◆ What you should do ◆
Return the listing that follows exactly, with no pictures included.

◆ Information supplied ◆
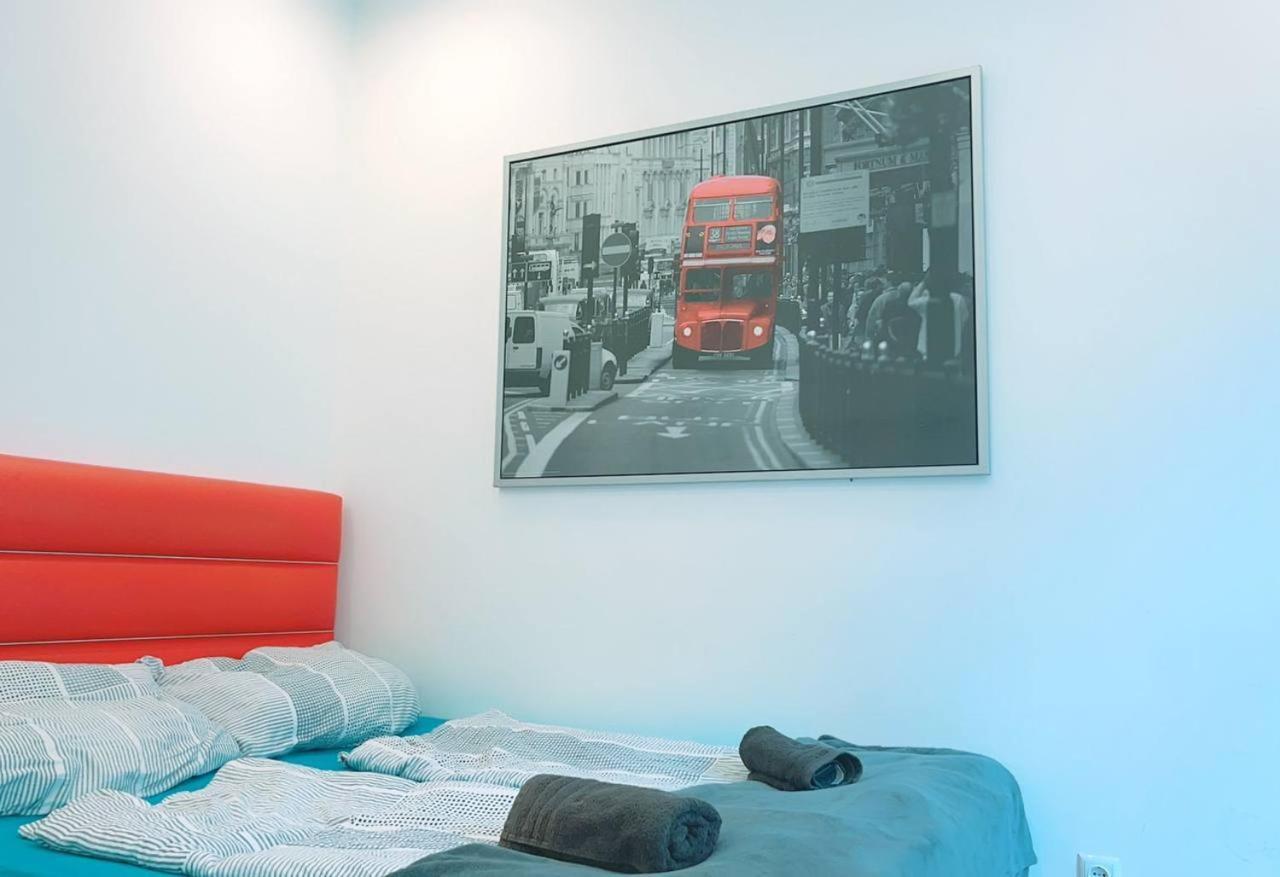 Comfort Triple Room Hn Wina Bagian luar foto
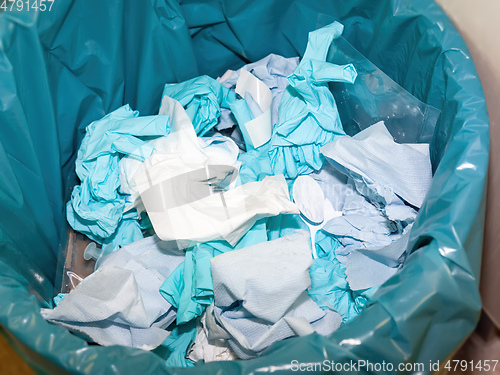 Image of trash can in a laboratory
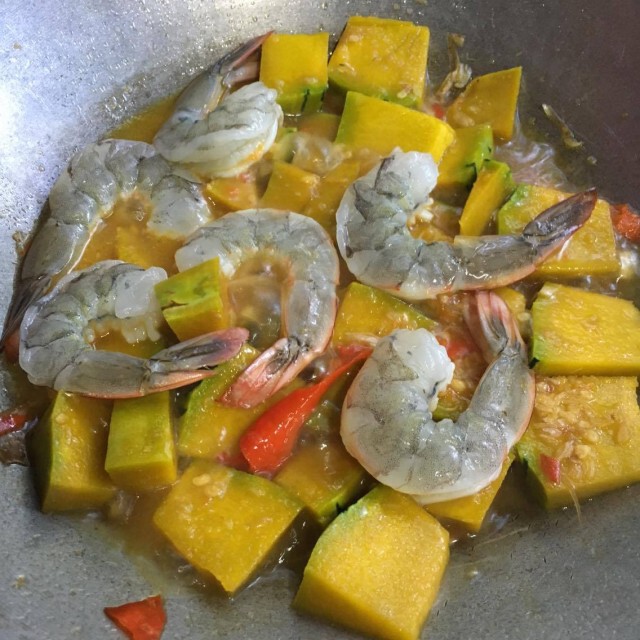 Cooking is Fun :  ฟักทองผัดพริกโหระพากุ้ง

◆ Output ◆
 Comfort Triple Room Hn Wina Bagian luar foto
 Image of trash can in a laboratory
 Cooking is Fun :  ฟักทองผัดพริกโหระพากุ้ง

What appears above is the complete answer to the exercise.